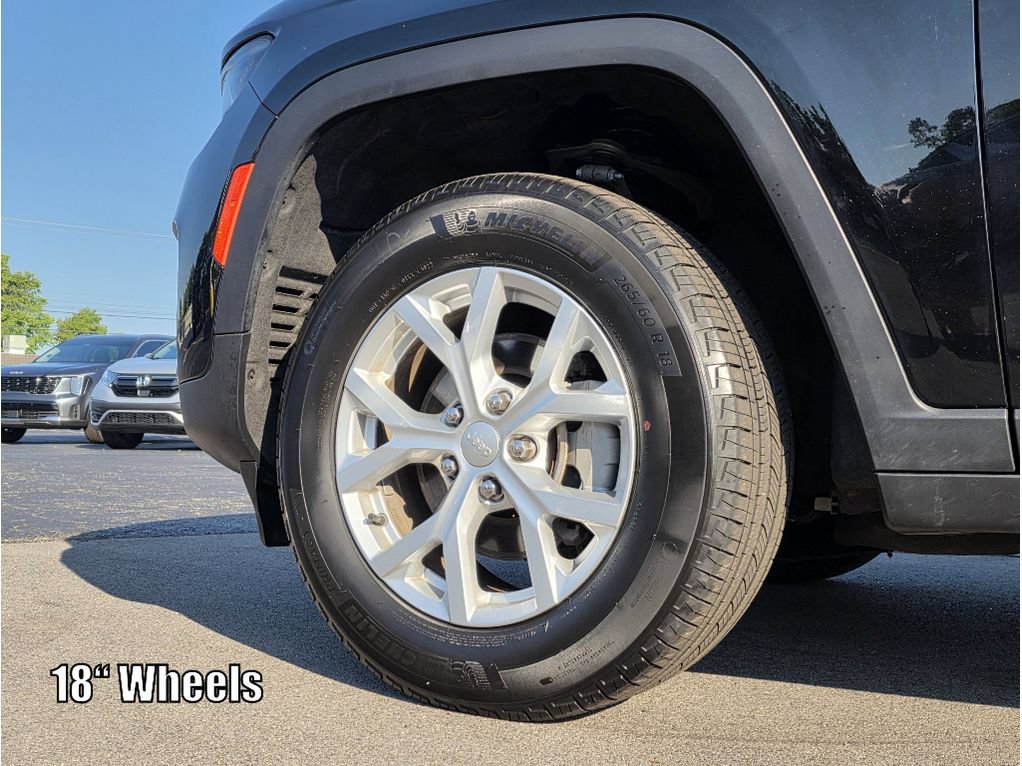 Used 2023 Jeep Grand Cherokee Limited AWD/4WD image 17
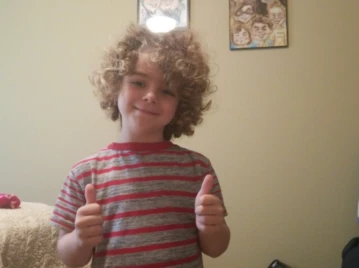 Un mensaje equivocado y un milagro de 50 mil dólares: la historia del nene que venció a la leucemia gracias a un error de chat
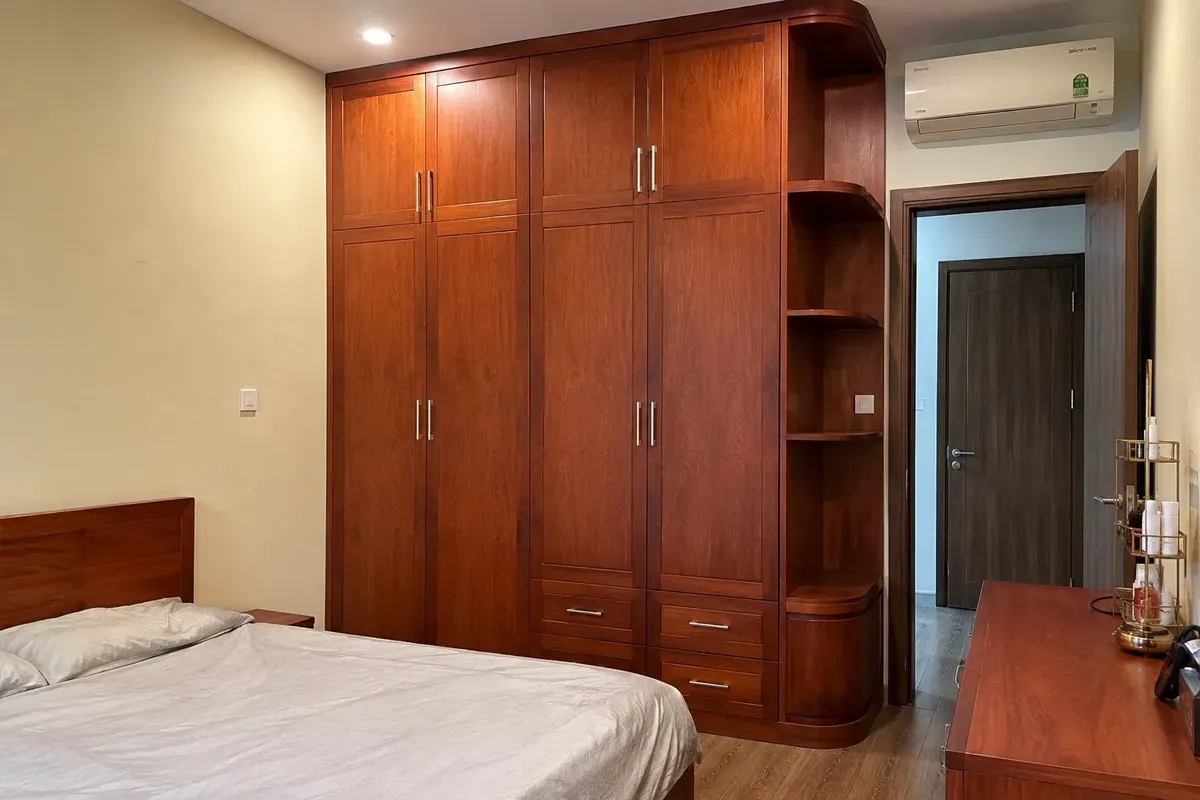 Công trình tủ quần áo gỗ căm xe hoàn thiện thực tế tại nhà khách hàng.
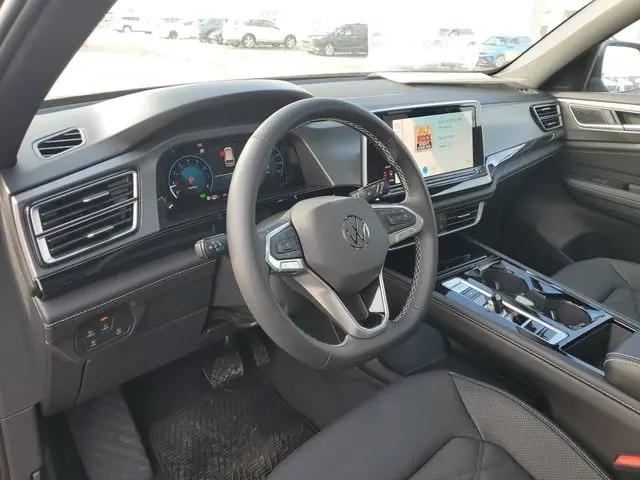 2026 Volkswagen Atlas Cross Sport SE with Technology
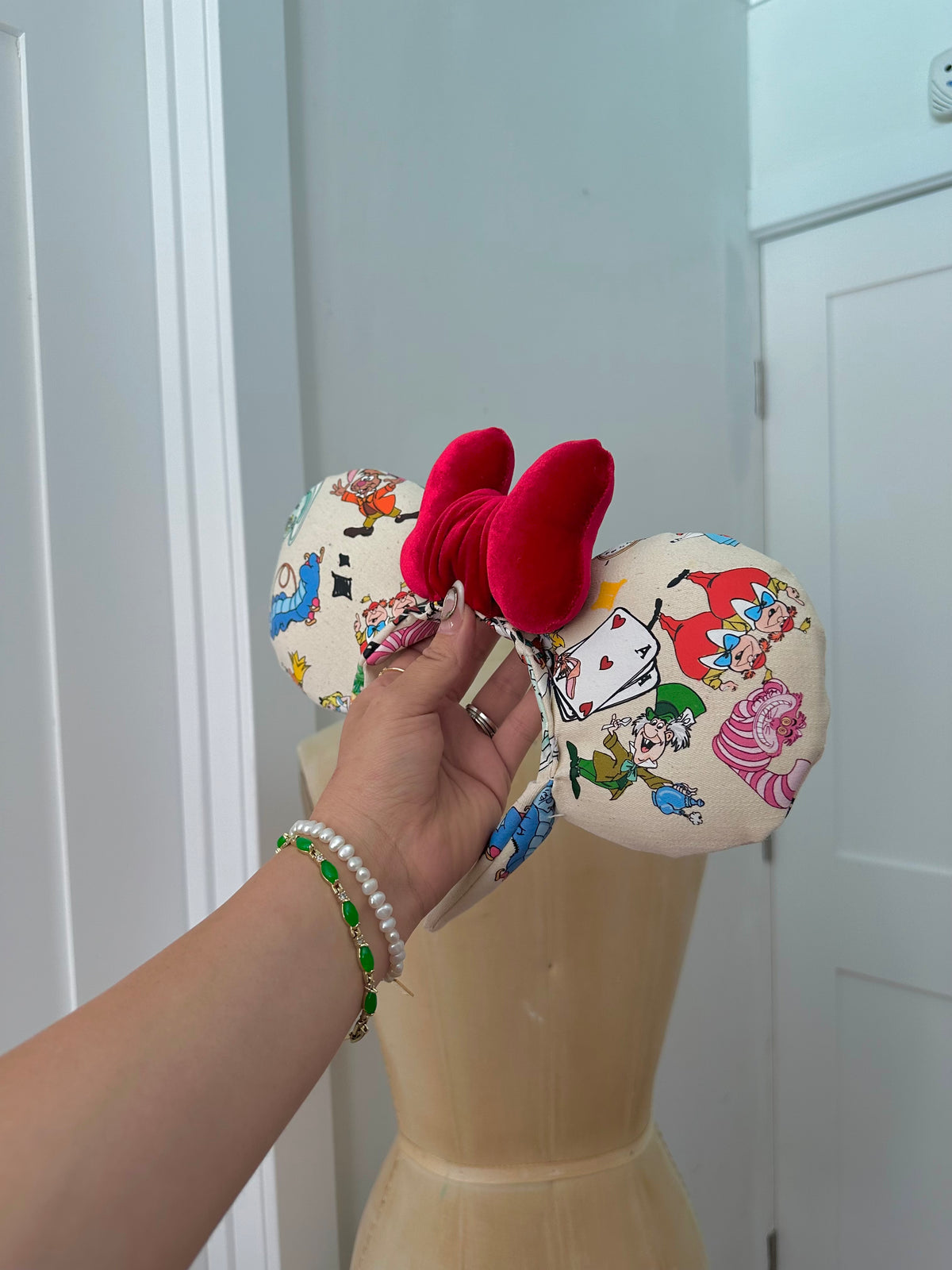 ALICE'S GARDEN EARS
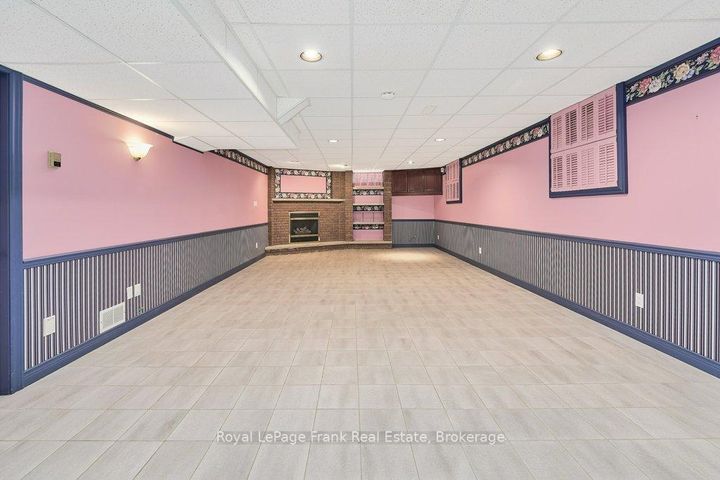 Photo 38 at 137 Samac Trail, Samac, Oshawa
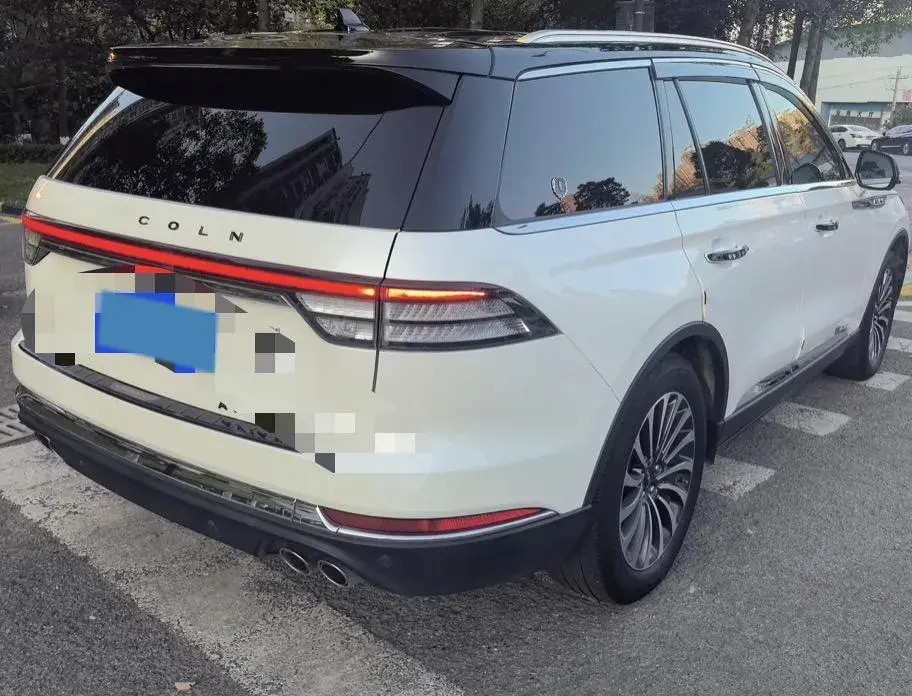 2021 LINCOLN AVIATOR thumbnail 4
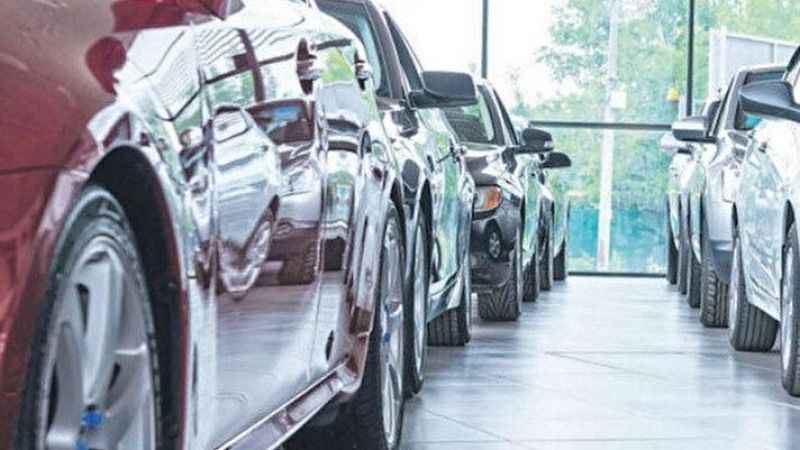 Türkiye Otomobil Pazarında Fiyatlar Düşüşe Geçti: Ticaret Bakanlığı Cezalarla Mücadele Ediyor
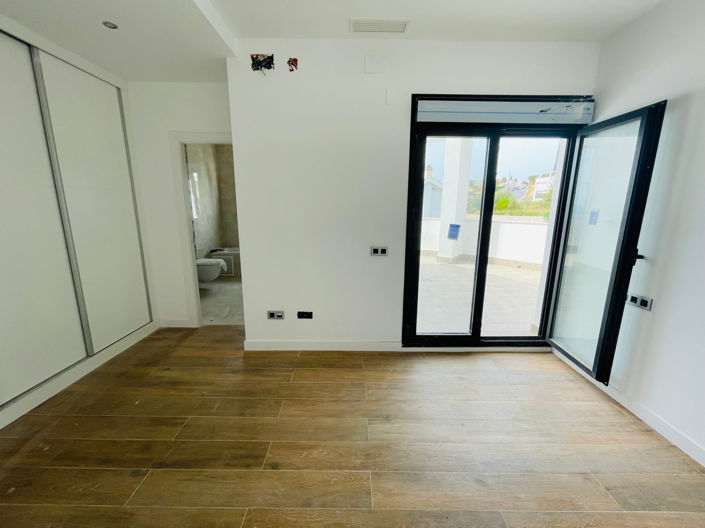 Image No.18-5 Bed House/Villa for sale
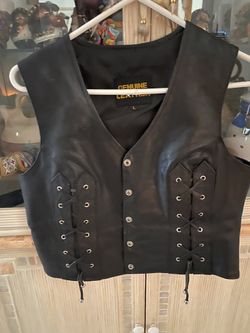  Harley Davinson  Woomen’s  Vest !! Size Large  Very little use it
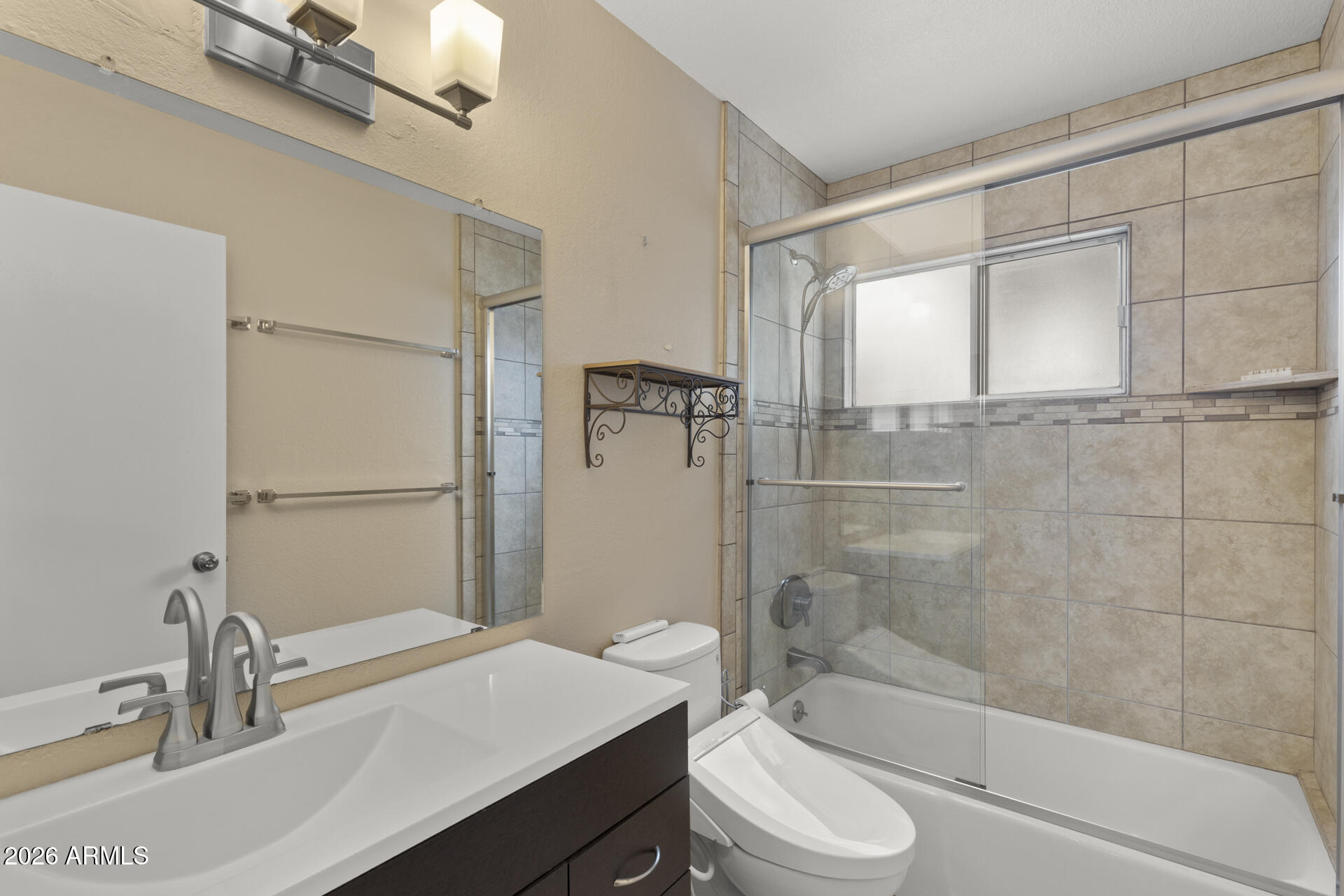 1331 E NORTHSHORE Drive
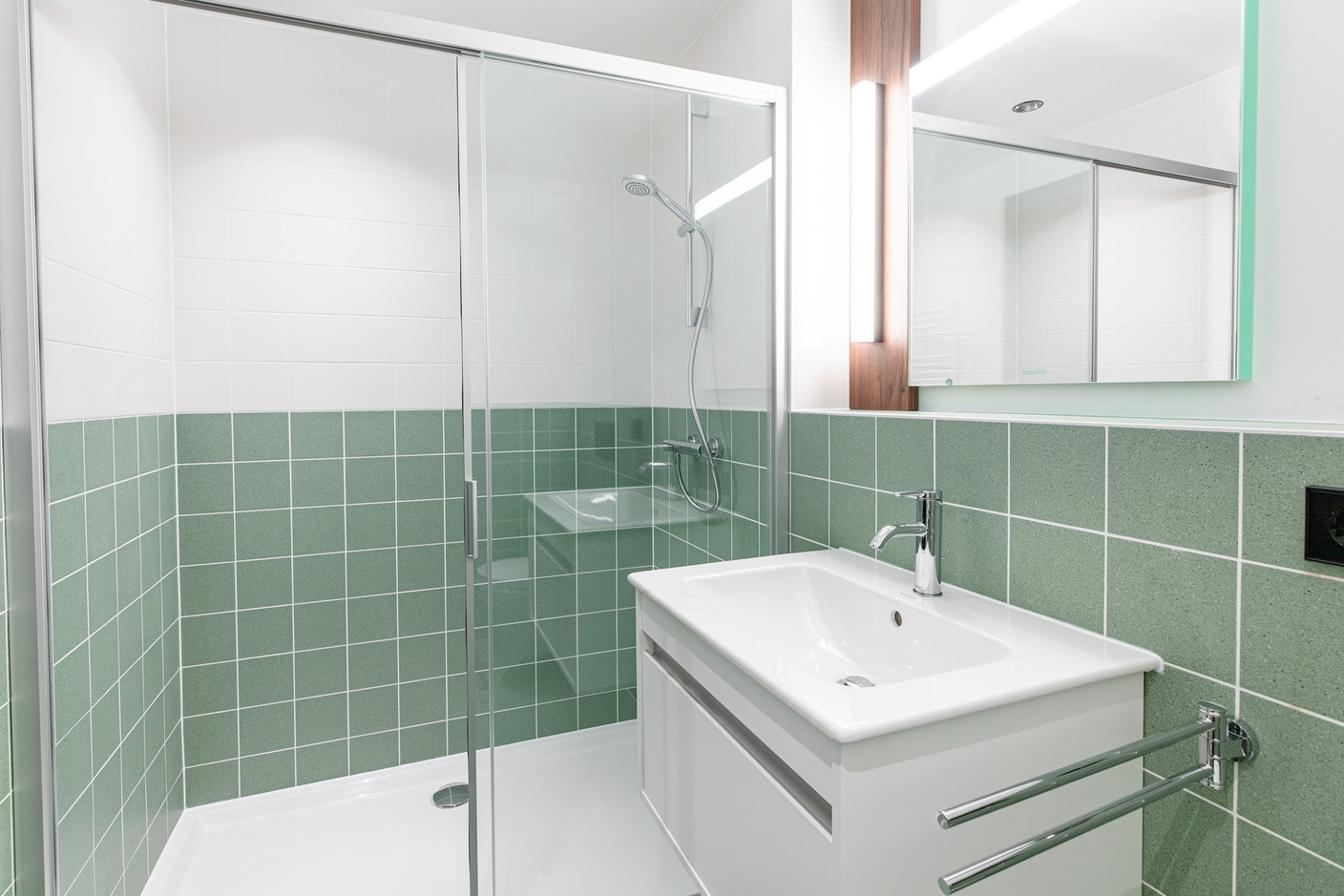 The shower room is simple and efficient. Photo: Cocoonut
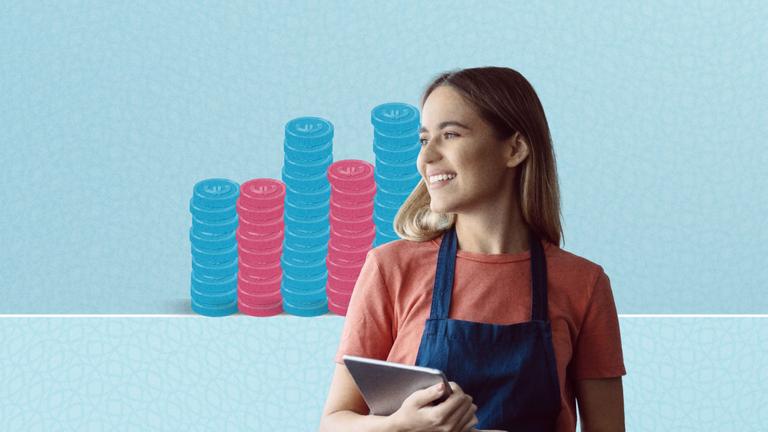 Eine junge Frau ist vor Münzstapeln zu sehen - Symbolbild zum Mindestlohn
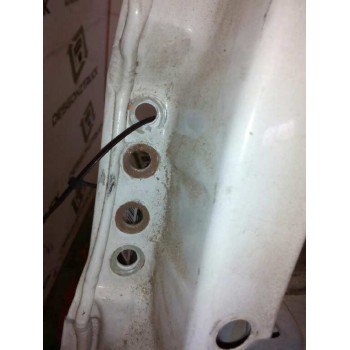 Recambio de puerta delantera derecha para mercedes trucks sprinter 410 d referencia OEM IAM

§ Work instruction
In the entries above, find the line with "Photo 38 at 137 Samac Trail, Samac, Oshawa" and the line with "The shower room". Return exactly those lines and all the ones between them, pictures excluded.

§ Result below
 Photo 38 at 137 Samac Trail, Samac, Oshawa
 2021 LINCOLN AVIATOR thumbnail 4
 Türkiye Otomobil Pazarında Fiyatlar Düşüşe Geçti: Ticaret Bakanlığı Cezalarla Mücadele Ediyor
 Image No.18-5 Bed House/Villa for sale
  Harley Davinson  Woomen’s  Vest !! Size Large  Very little use it
 1331 E NORTHSHORE Drive
 The shower room is simple and efficient. Photo: Cocoonut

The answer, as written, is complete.